Man is endowed with “will” and, when we make that will subject to our Master, it flows with His intent for us — always in the same vein.
Loving is so much easier than hating. “Oh no,” you might say. “I just can’t love that person.”
I’ll have to agree — some people do make it hard to love them. Can you say, “I choose to love you, whether you want me to or not.” That’s what Jesus did. Are we better than our Lord?
Do you want to go through life meeting the distress and beating your head against the wall that comes with carrying hate in your heart? — meeting your feelings at every turn until ultimately you’re consumed with unforgiveness.
The love of Christ gives a proper perspective. He said to pray for your enemies. What a wonderful directive. There’s no way you can really pray for your enemies without the love of God. The communication with the God of love will erase thoughts and feelings which are not like Him.
Peter in 2 Peter 1:5 explains the attributes of a child of God and how they stack up: “… add to your … brotherly kindness love.” Since love is an indefinite characteristic to most people, it stands to reason we don’t really know what we mean when we talk about love. Spiritually, Jesus demands that love — which is the highest preference of one to another — must be for Him.

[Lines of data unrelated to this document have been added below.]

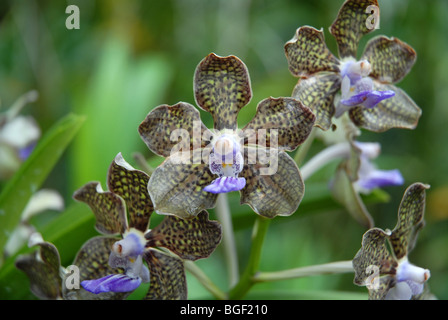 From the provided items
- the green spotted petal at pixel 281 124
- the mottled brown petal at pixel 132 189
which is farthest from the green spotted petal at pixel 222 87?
the mottled brown petal at pixel 132 189

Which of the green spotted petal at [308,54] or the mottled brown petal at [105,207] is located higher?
the green spotted petal at [308,54]

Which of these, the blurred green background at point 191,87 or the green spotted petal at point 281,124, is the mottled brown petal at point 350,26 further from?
the blurred green background at point 191,87

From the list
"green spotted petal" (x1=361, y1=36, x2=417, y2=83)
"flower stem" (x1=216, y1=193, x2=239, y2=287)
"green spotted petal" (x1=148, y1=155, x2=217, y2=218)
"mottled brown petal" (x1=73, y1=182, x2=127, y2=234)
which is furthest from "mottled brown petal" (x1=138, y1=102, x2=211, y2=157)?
"green spotted petal" (x1=361, y1=36, x2=417, y2=83)

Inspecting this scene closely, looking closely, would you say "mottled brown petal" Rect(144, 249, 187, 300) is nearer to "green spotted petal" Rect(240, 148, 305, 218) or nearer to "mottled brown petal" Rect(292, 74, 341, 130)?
"green spotted petal" Rect(240, 148, 305, 218)

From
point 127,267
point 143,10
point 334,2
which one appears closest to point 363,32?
point 127,267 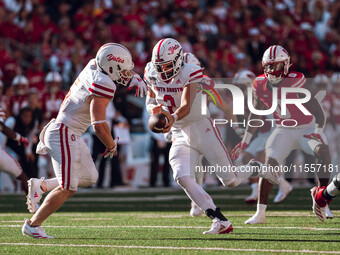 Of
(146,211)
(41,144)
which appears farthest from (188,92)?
(146,211)

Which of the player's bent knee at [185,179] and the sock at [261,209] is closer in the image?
the player's bent knee at [185,179]

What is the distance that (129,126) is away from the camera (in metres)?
13.7

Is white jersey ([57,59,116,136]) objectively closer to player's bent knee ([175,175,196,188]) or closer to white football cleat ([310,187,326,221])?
player's bent knee ([175,175,196,188])

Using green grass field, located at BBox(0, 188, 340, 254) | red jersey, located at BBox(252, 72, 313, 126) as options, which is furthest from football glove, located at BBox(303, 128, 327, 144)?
green grass field, located at BBox(0, 188, 340, 254)

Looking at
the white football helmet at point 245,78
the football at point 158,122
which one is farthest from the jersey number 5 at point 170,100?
the white football helmet at point 245,78

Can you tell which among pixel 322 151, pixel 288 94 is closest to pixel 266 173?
pixel 322 151

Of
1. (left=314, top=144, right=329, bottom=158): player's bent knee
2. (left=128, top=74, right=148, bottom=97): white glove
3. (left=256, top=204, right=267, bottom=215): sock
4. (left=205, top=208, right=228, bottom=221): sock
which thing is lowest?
(left=256, top=204, right=267, bottom=215): sock

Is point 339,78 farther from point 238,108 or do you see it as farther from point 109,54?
point 109,54

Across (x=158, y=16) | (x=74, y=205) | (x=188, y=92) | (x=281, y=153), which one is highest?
(x=158, y=16)

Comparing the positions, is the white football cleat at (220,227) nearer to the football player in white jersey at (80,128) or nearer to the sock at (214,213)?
the sock at (214,213)

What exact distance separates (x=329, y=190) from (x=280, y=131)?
45.2 inches

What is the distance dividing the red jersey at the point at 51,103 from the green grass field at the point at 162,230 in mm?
2635

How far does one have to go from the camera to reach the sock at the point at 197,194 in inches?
248

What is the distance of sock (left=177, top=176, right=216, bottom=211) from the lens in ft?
20.7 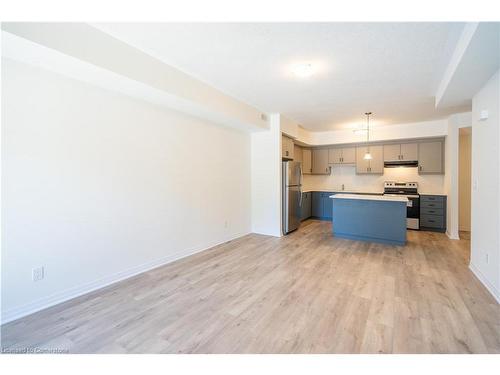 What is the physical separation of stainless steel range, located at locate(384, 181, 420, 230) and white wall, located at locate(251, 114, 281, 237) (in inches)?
129

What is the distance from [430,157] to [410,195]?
3.47ft

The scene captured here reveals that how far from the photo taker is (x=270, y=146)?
200 inches

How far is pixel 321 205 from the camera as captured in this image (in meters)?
6.93

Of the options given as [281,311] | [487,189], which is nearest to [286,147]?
[487,189]

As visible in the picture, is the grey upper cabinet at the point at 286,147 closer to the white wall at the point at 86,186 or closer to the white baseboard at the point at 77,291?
the white wall at the point at 86,186

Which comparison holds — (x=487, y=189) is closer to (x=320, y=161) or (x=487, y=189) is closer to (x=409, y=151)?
(x=409, y=151)

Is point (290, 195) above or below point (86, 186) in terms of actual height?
below

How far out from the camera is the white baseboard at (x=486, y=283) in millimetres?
2395

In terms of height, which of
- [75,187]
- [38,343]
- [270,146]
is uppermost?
[270,146]

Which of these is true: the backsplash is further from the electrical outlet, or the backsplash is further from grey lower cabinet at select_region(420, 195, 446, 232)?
the electrical outlet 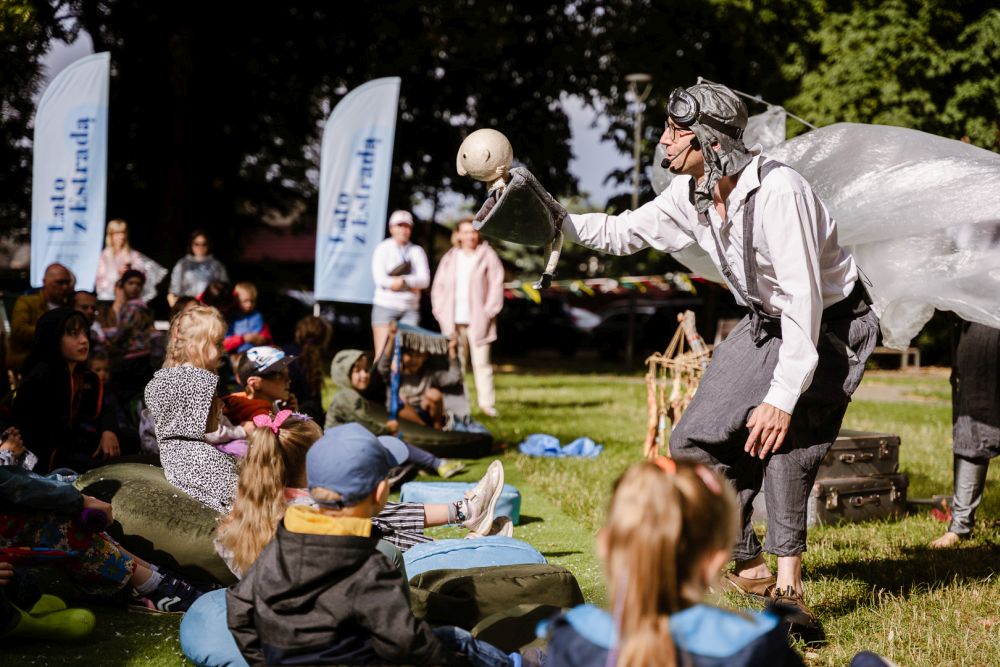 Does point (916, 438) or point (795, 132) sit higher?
point (795, 132)

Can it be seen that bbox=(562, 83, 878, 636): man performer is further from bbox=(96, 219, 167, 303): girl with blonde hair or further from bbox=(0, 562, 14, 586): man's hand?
bbox=(96, 219, 167, 303): girl with blonde hair

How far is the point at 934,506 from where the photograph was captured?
6355mm

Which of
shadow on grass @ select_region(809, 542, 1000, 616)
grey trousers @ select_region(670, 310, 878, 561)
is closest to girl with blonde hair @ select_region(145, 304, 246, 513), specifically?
grey trousers @ select_region(670, 310, 878, 561)

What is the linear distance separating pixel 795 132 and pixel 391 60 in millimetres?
7956

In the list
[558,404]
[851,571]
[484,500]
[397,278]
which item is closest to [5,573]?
[484,500]

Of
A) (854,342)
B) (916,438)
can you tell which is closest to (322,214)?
(916,438)

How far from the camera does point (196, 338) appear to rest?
16.4 ft

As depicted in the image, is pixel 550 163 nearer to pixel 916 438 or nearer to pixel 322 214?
pixel 322 214

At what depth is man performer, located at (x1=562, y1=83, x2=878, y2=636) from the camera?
3.49 meters

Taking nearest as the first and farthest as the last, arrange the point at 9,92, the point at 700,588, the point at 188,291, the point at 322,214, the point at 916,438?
1. the point at 700,588
2. the point at 916,438
3. the point at 188,291
4. the point at 322,214
5. the point at 9,92

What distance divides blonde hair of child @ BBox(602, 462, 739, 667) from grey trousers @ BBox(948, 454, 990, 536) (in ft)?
12.6

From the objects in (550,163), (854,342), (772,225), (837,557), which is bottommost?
(837,557)

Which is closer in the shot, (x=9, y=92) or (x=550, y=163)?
(x=9, y=92)

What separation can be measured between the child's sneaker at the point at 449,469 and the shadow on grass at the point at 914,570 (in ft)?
10.2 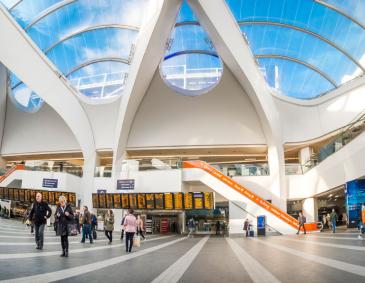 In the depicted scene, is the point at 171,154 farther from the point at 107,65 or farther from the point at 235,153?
the point at 107,65

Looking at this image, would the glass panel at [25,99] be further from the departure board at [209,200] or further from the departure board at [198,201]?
the departure board at [209,200]

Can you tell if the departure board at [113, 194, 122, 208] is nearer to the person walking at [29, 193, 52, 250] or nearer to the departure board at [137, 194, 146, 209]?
the departure board at [137, 194, 146, 209]

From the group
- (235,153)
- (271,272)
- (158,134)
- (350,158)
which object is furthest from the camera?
(235,153)

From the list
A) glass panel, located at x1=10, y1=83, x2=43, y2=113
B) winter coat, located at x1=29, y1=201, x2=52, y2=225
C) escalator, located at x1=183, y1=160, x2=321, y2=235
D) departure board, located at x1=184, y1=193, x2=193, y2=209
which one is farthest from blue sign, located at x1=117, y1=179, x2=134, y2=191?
winter coat, located at x1=29, y1=201, x2=52, y2=225

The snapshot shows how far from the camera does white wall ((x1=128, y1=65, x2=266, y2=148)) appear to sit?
115ft

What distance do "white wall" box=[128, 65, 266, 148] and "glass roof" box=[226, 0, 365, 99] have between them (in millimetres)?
4130

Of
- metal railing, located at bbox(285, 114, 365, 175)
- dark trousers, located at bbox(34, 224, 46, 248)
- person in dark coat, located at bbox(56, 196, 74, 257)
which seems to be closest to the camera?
person in dark coat, located at bbox(56, 196, 74, 257)

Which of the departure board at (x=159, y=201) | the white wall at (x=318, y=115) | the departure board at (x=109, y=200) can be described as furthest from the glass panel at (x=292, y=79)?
the departure board at (x=109, y=200)

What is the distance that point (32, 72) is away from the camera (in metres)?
29.9

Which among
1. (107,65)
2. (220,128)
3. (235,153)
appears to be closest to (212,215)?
(235,153)

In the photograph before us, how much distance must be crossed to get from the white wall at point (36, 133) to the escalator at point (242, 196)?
16.0 metres

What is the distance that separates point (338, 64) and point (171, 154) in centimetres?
1856

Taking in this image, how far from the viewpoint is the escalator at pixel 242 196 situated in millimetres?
25595

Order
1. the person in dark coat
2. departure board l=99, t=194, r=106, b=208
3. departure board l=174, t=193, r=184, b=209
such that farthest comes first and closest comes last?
departure board l=99, t=194, r=106, b=208
departure board l=174, t=193, r=184, b=209
the person in dark coat
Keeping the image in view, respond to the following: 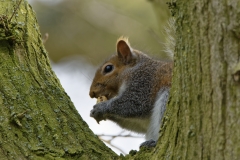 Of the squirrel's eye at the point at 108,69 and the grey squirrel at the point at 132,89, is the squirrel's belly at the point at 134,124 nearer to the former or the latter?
the grey squirrel at the point at 132,89

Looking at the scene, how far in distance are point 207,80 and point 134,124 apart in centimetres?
207

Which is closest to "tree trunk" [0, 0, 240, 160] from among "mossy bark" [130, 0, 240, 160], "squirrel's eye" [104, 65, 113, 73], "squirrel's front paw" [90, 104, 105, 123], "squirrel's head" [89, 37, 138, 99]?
"mossy bark" [130, 0, 240, 160]

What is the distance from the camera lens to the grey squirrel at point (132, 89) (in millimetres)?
3647

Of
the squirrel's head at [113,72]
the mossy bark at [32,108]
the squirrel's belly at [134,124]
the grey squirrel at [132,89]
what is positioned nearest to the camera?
the mossy bark at [32,108]

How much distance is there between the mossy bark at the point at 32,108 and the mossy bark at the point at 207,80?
76 cm

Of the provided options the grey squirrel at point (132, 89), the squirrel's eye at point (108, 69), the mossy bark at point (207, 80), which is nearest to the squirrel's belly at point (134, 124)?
the grey squirrel at point (132, 89)

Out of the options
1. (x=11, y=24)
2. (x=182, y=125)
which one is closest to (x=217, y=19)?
(x=182, y=125)

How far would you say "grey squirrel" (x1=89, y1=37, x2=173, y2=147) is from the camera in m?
3.65

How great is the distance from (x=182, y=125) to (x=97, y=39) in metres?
4.59

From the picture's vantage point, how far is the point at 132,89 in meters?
3.82

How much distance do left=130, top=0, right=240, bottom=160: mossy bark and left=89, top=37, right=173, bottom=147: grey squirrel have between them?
55.2 inches

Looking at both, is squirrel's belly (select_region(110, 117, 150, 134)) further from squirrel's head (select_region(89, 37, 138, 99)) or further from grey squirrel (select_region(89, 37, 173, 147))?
squirrel's head (select_region(89, 37, 138, 99))

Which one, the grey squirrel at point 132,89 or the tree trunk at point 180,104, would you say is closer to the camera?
the tree trunk at point 180,104

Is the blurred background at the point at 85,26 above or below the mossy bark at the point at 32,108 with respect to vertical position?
above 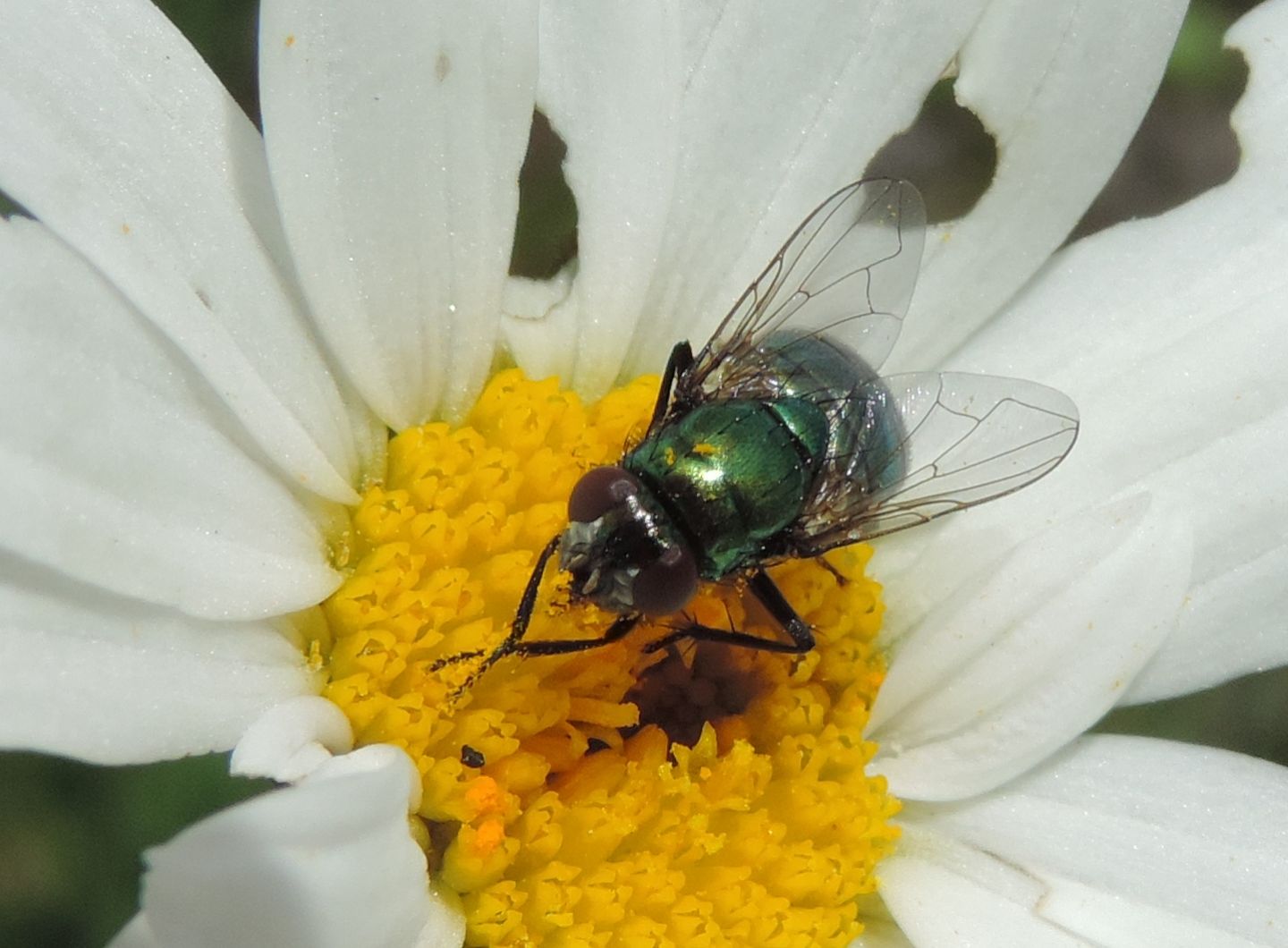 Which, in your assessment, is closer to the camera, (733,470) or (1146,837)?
(733,470)

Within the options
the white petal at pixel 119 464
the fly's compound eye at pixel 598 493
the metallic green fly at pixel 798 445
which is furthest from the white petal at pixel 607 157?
the white petal at pixel 119 464

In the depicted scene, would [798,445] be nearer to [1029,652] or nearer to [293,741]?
[1029,652]

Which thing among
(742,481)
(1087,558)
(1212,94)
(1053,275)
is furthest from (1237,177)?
(1212,94)

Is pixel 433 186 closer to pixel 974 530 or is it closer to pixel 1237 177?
pixel 974 530

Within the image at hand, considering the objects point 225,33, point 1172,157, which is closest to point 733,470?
point 225,33

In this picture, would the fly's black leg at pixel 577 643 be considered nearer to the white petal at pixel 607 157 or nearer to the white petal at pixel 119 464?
the white petal at pixel 119 464

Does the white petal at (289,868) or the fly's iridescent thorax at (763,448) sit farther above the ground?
the fly's iridescent thorax at (763,448) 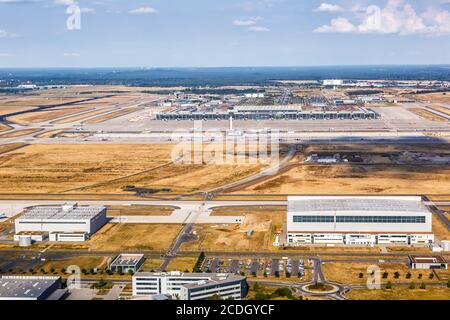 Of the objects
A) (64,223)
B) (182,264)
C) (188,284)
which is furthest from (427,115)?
(188,284)

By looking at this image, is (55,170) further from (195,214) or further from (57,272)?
(57,272)

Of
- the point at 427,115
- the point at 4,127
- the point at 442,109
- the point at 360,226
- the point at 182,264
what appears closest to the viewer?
the point at 182,264

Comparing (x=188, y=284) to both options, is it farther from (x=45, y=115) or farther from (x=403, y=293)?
(x=45, y=115)

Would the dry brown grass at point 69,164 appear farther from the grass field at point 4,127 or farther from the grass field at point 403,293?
the grass field at point 403,293

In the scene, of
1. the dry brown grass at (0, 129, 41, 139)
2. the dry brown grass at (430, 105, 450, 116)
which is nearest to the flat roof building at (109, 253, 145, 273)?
the dry brown grass at (0, 129, 41, 139)

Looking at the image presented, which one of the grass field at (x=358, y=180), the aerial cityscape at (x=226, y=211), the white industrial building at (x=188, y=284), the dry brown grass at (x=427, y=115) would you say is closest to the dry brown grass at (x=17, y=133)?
the aerial cityscape at (x=226, y=211)

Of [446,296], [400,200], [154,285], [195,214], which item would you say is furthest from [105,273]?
[400,200] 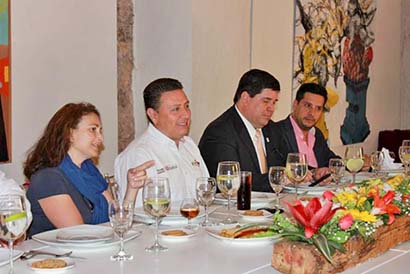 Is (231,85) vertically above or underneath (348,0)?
underneath

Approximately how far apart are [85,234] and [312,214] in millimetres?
800

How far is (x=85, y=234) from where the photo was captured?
236 cm

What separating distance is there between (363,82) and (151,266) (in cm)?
567

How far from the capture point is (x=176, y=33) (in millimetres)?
4945

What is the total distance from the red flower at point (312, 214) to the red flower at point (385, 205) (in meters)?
0.22

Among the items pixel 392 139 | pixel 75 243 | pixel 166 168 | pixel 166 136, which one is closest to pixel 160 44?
pixel 166 136

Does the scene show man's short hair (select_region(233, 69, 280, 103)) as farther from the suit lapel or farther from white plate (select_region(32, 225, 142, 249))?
white plate (select_region(32, 225, 142, 249))

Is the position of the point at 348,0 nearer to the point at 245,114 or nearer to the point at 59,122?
the point at 245,114

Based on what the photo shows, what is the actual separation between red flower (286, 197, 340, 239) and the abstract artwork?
4.18m

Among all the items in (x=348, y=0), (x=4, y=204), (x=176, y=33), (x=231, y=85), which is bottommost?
(x=4, y=204)

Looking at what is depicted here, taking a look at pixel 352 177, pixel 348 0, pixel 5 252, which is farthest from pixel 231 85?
pixel 5 252

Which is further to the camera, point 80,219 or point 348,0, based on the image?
point 348,0

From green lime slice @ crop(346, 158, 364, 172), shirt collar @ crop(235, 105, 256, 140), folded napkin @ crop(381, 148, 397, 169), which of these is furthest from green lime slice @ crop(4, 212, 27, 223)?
folded napkin @ crop(381, 148, 397, 169)

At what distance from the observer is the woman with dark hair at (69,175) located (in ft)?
9.20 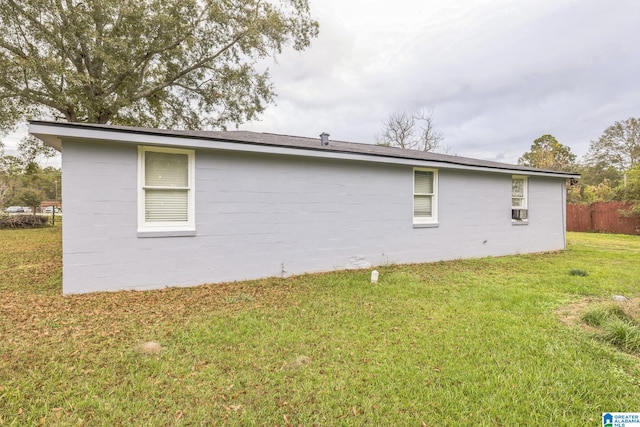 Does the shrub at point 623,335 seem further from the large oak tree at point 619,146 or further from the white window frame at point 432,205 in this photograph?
the large oak tree at point 619,146

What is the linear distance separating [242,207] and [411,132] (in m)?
21.0

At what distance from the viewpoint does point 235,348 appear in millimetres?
2938

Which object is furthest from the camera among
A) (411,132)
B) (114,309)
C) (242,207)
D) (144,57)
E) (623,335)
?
(411,132)

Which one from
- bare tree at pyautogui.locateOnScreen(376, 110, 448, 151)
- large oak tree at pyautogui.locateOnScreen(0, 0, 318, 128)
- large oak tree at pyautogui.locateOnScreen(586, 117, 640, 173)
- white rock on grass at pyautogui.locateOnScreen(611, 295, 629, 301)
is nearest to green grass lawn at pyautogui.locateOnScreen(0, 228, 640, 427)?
white rock on grass at pyautogui.locateOnScreen(611, 295, 629, 301)

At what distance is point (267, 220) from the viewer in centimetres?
575

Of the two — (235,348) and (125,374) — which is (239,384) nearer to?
(235,348)

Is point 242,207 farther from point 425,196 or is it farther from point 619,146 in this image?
point 619,146

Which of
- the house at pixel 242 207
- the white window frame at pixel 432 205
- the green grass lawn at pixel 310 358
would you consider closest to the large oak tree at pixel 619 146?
the house at pixel 242 207

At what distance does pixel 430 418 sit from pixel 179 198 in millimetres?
4893

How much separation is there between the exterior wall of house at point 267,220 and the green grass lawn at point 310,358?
23.2 inches

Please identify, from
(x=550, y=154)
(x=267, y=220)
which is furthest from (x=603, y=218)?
(x=267, y=220)

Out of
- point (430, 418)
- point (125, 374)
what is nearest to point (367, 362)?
point (430, 418)

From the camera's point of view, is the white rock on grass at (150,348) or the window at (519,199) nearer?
the white rock on grass at (150,348)

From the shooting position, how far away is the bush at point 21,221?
16.6 m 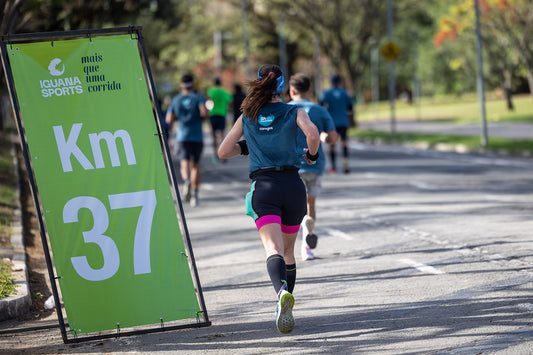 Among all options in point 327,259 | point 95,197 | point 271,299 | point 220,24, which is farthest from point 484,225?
point 220,24

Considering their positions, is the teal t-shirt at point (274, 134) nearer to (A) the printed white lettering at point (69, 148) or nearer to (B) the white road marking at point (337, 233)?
(A) the printed white lettering at point (69, 148)

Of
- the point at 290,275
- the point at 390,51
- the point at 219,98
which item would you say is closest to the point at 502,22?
the point at 390,51

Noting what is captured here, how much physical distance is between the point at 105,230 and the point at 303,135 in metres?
2.77

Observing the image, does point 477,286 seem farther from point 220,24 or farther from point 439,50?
point 439,50

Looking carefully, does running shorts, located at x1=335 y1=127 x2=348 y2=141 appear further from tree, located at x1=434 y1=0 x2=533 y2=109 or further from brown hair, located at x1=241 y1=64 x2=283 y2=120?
tree, located at x1=434 y1=0 x2=533 y2=109

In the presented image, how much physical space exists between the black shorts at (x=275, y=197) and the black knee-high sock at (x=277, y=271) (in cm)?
25

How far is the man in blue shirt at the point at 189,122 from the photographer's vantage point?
44.5 ft

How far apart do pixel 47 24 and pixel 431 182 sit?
1467 centimetres

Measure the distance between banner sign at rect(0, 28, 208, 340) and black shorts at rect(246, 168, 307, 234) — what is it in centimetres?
62

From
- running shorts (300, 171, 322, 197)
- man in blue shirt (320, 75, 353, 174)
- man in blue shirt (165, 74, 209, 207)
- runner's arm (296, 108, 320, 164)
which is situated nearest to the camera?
runner's arm (296, 108, 320, 164)

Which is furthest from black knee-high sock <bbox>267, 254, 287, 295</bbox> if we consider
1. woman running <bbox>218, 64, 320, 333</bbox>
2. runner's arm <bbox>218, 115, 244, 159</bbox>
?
runner's arm <bbox>218, 115, 244, 159</bbox>

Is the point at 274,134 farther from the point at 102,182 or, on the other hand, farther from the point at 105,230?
the point at 105,230

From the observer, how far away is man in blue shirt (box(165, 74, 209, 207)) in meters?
13.6

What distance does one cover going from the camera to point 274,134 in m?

When “the love of God has been poured out in our hearts by the Holy Spirit” (Romans 5:5), it is easy to put Jesus first. But then we must practice the things mentioned in 2 Peter if love is worked out in our lives.
God loved us not because we are lovable, but because it is His nature to do so. And He commands us to show the same love to others. “… love one another as I have loved you” (John 15:12). He tells us He will bring people into our lives and although we may not respect them, we must exhibit His love to them — not a patronizing love for the unlovable. And it will not manifest itself in us overnight.
Oswald Chambers in his book, “My Utmost for His Highest,” said, “The knowledge that God has loved me beyond all limits will compel me to go into the world to love others in the same way. I may get irritated because I have to live with an unusually difficult person. But just think how disagreeable I have been with God! Am I prepared to be identified so closely with the Lord Jesus that His life and His sweetness will be continually poured out through Me? Neither natural love nor God’s divine love will remain and grow in me unless it is nurtured. Love is spontaneous, but it has to be maintained through discipline.”
The phrase, “love one another” is found 13 times in the New Testament (in 12 verses). Undoubtedly, it was very important to the fellowship of believers. Paul uses the words twice, Peter once and it comes from John’s writings 10 times, three times from Jesus’ own lips.
In 1 John 4:7 (KJV) is one of the most beautiful of the admonitions: “Beloved, let us love one another: for love is of God; and every one that loveth is born of God, and knoweth God.”